REQUIRED WORK.
All the lines below should be set down exactly, with no picture carried into the copy.

Start of TASK DATA

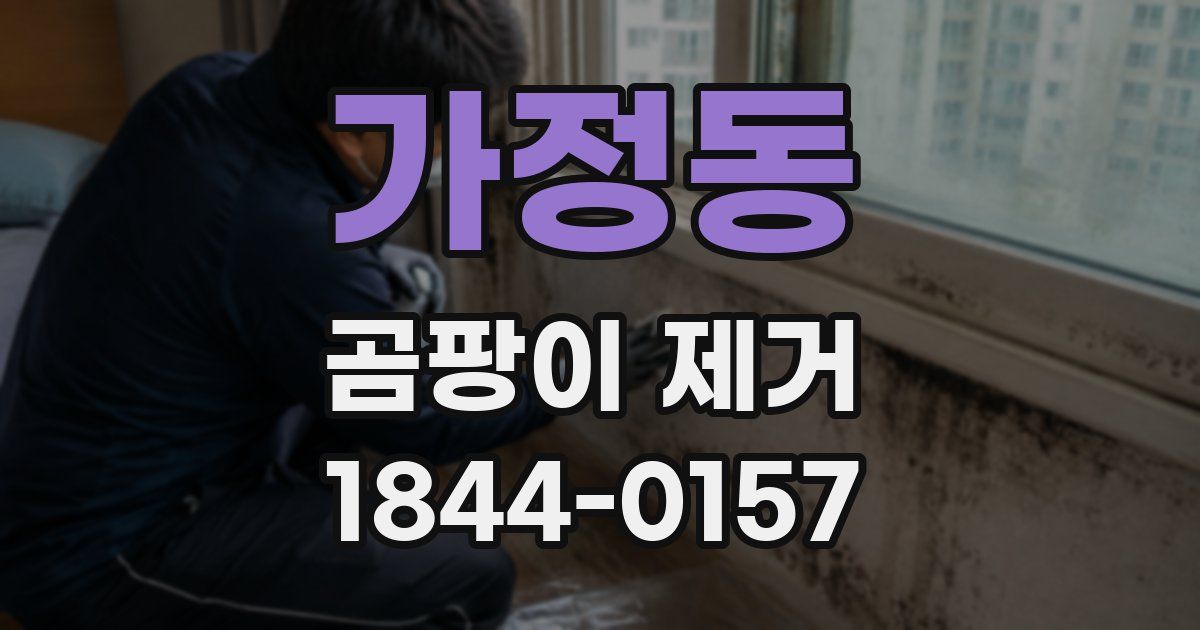가정동 곰팡이 제거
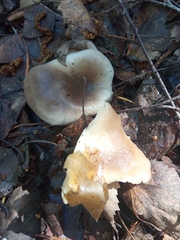 Pleurotus ostreatus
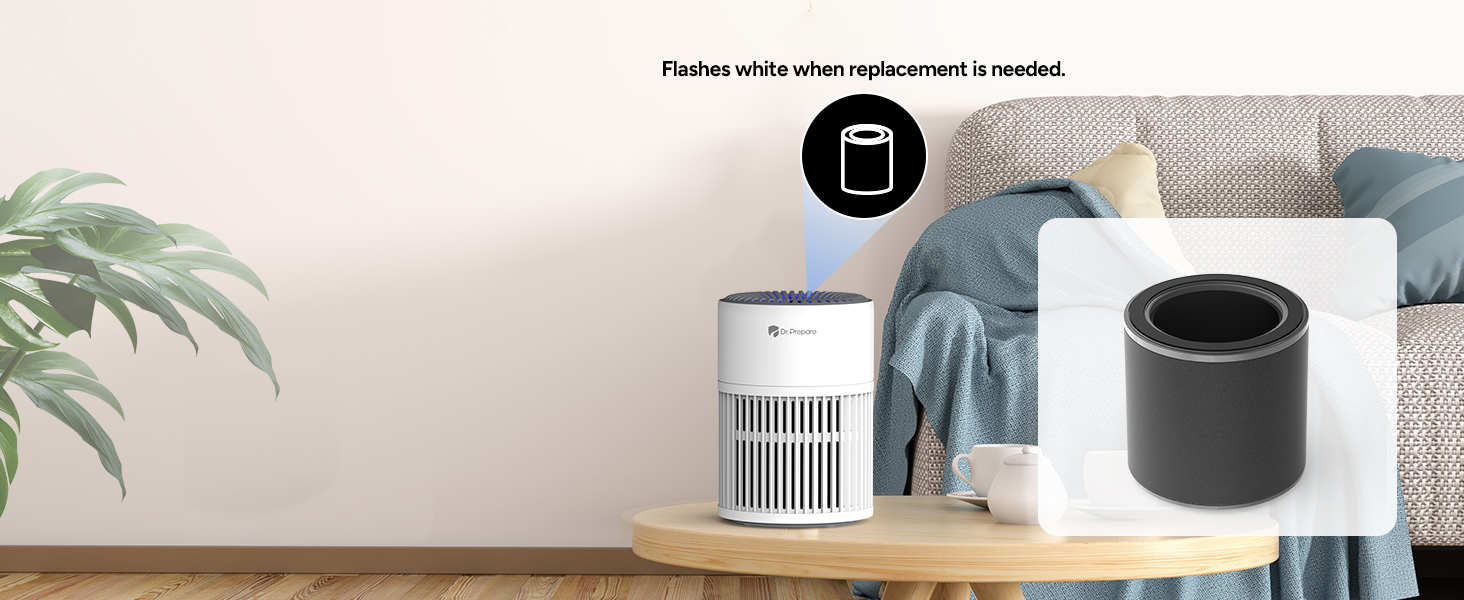 air purifier for home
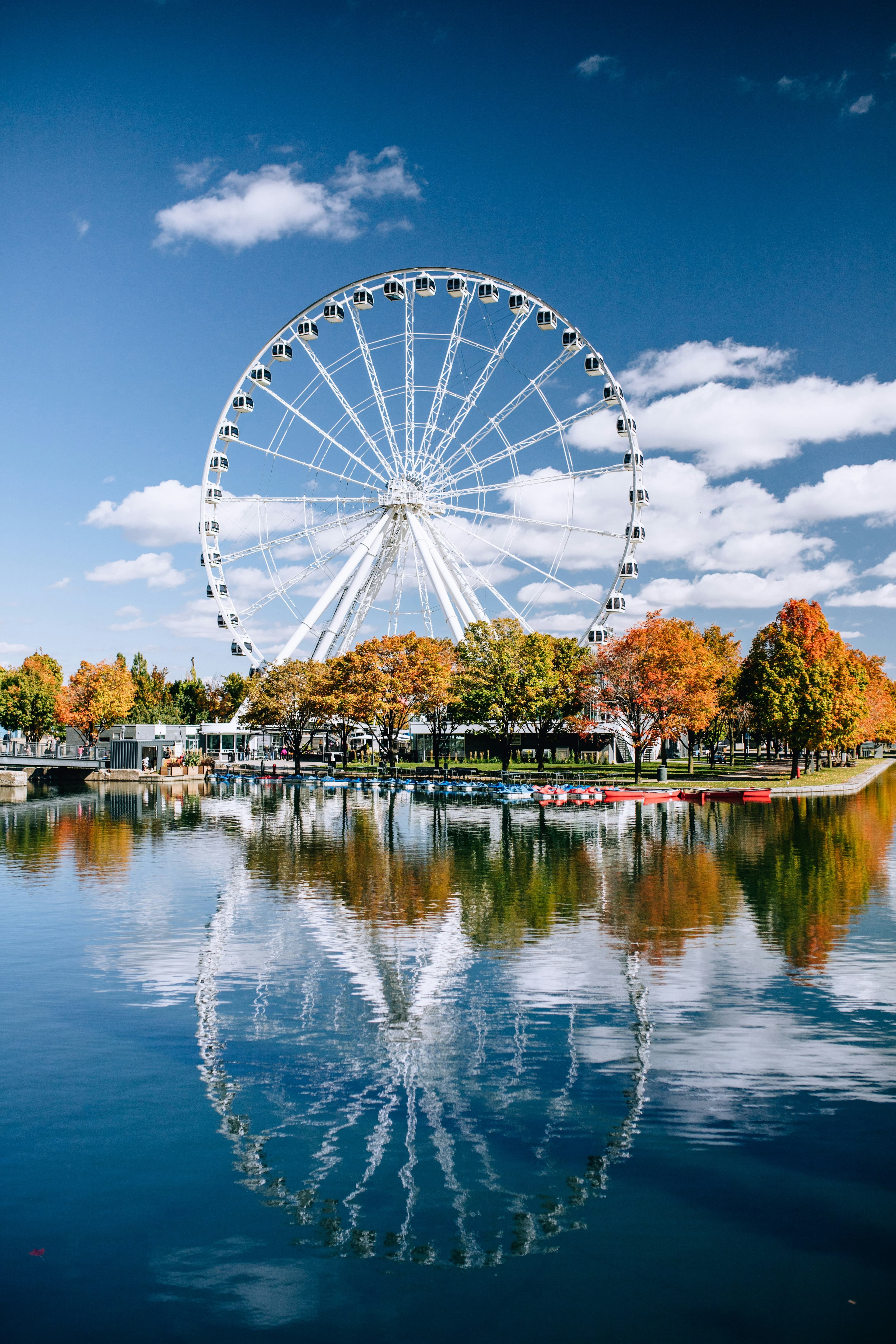 Ferries wheel next to a body of water during the daytime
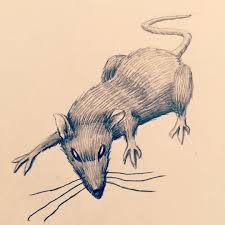 James Brown On Instagram Rat Sketch Art Rodent Drawing Pencil Mouse Artist Drawings Art Pencil Art Drawings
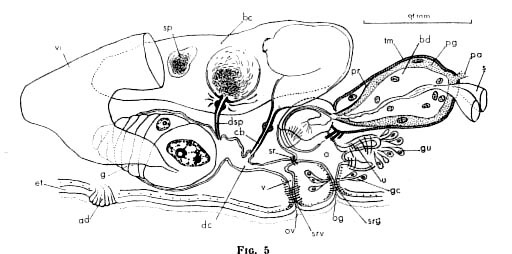 Proschizorhynchus pectinatus Proschizorhynchus pectinatus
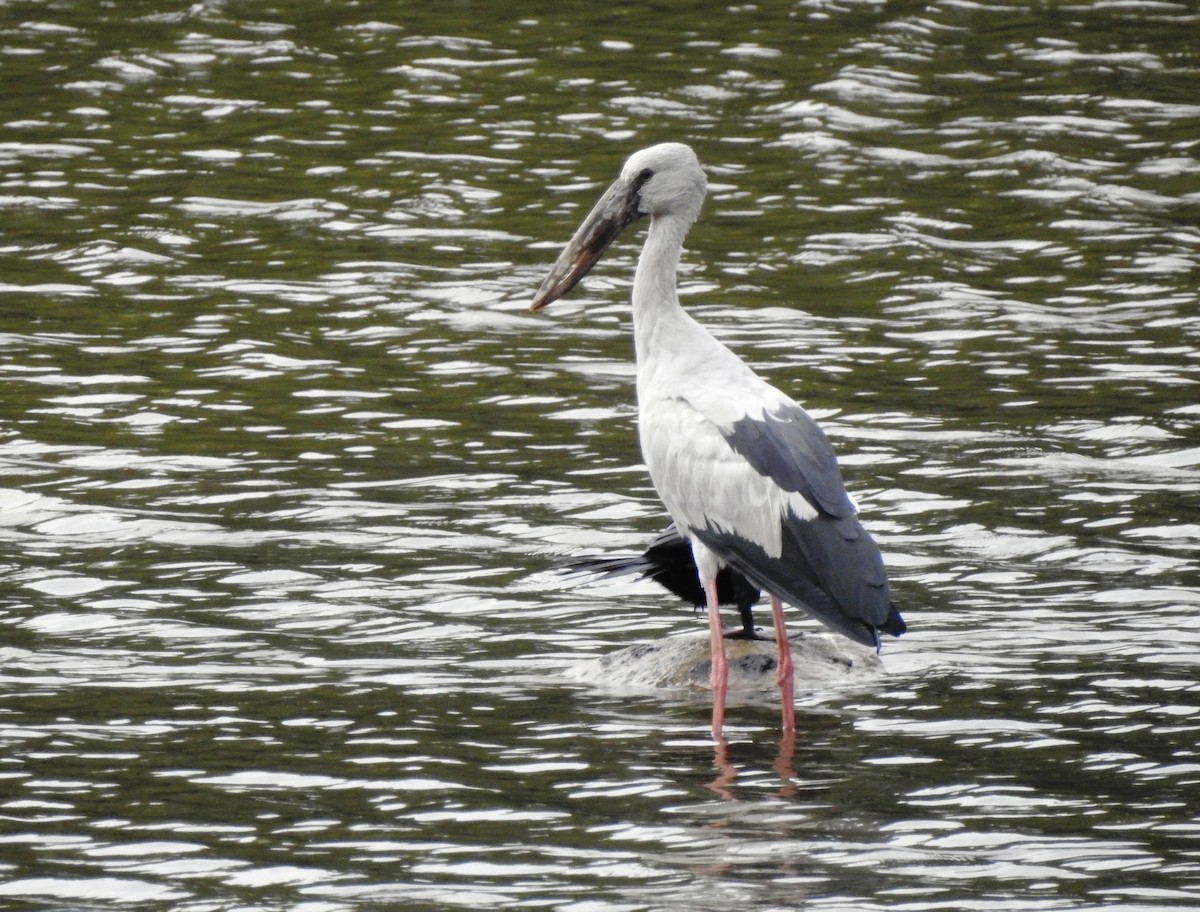 Asian Openbill - ML111449211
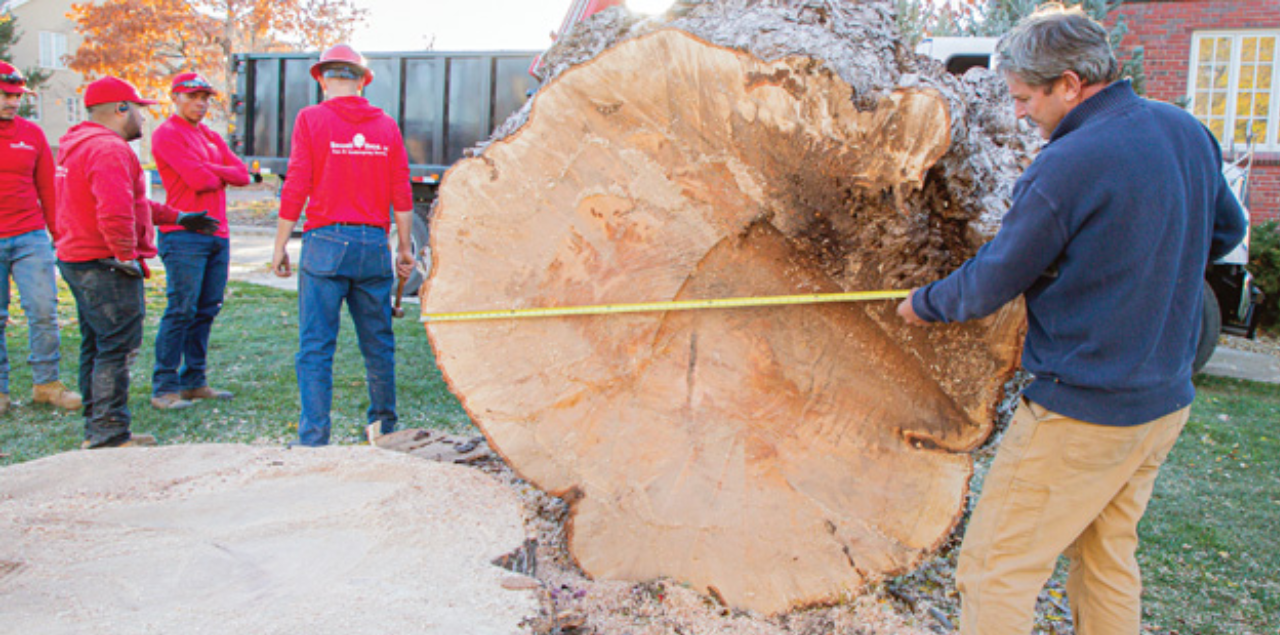 Workers standing around the severed trunk of UNC's 100-year-old silver maple tree
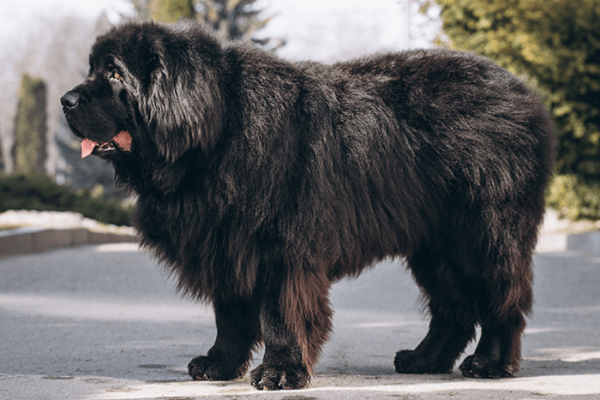 Tibetan Mastiff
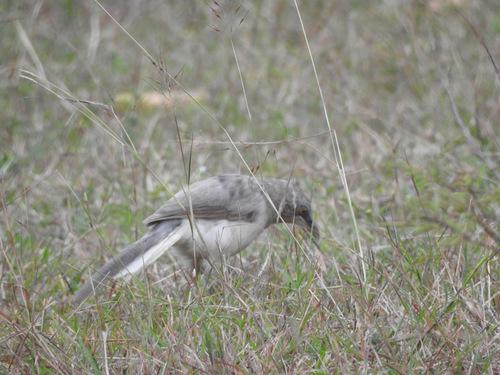 Large Grey Babbler (Argya malcolmi), photo 9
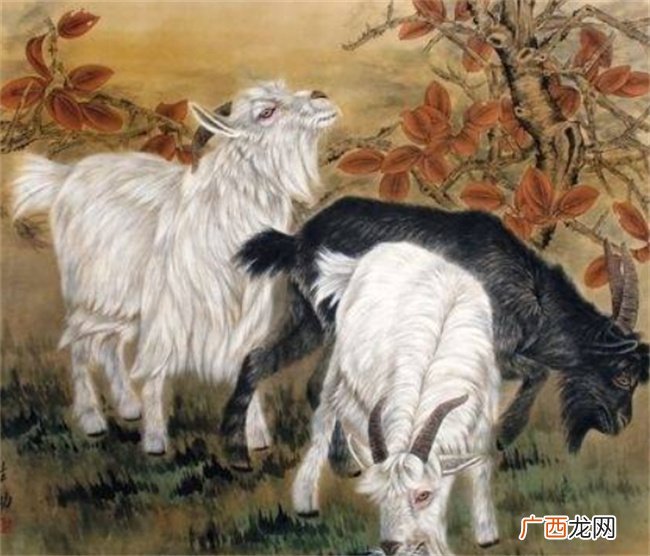 七月飞来一群喜鹊叫！3生肖靠山在前、喜事在后！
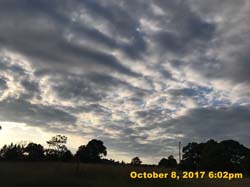IMG_7775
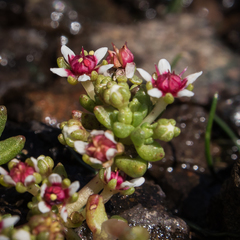 Crassula peploides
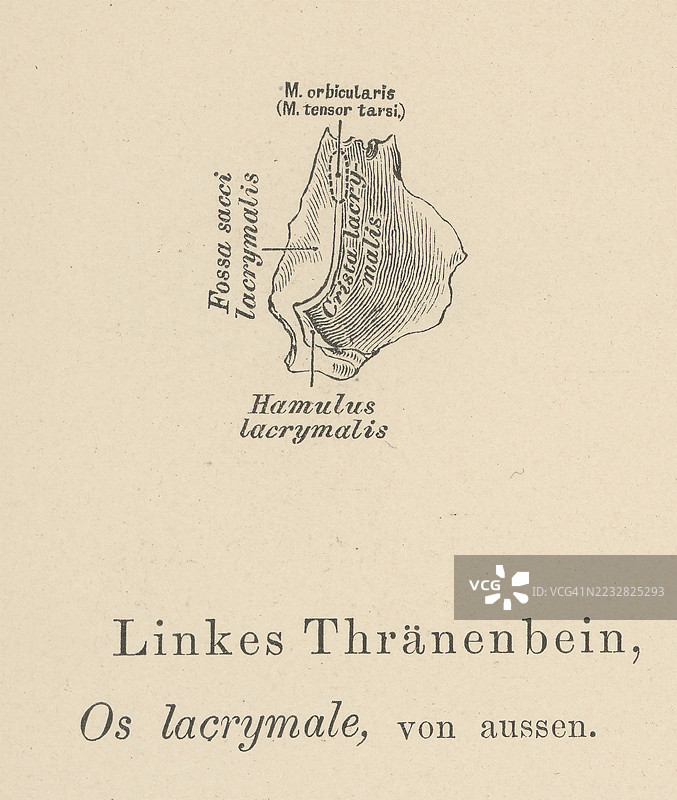旧版雕刻插图解剖学 - 泪骨，一种位于右眼眶内侧壁的小成对骨骼图片素材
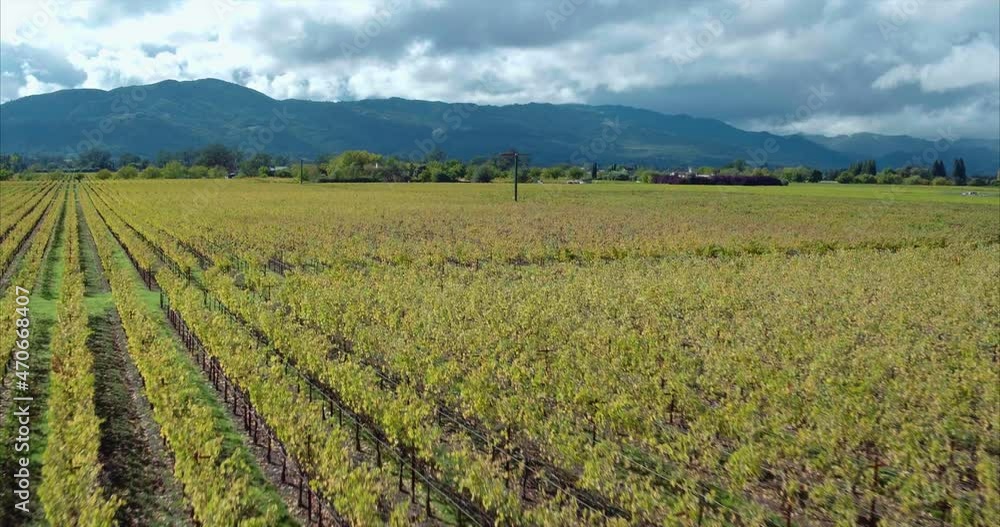 Aerial flyover vineyard in the autumn, Napa Valley, USA Aerial flyover vineyard in the autumn, Napa Valley, USA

End of TASK DATA

RESULT OF THE EXERCISE.
가정동 곰팡이 제거
 Pleurotus ostreatus
 air purifier for home
 Ferries wheel next to a body of water during the daytime
 James Brown On Instagram Rat Sketch Art Rodent Drawing Pencil Mouse Artist Drawings Art Pencil Art Drawings
 Proschizorhynchus pectinatus Proschizorhynchus pectinatus
 Asian Openbill - ML111449211
 Workers standing around the severed trunk of UNC's 100-year-old silver maple tree
 Tibetan Mastiff
 Large Grey Babbler (Argya malcolmi), photo 9
 七月飞来一群喜鹊叫！3生肖靠山在前、喜事在后！
IMG_7775
 Crassula peploides
旧版雕刻插图解剖学 - 泪骨，一种位于右眼眶内侧壁的小成对骨骼图片素材
 Aerial flyover vineyard in the autumn, Napa Valley, USA Aerial flyover vineyard in the autumn, Napa Valley, USA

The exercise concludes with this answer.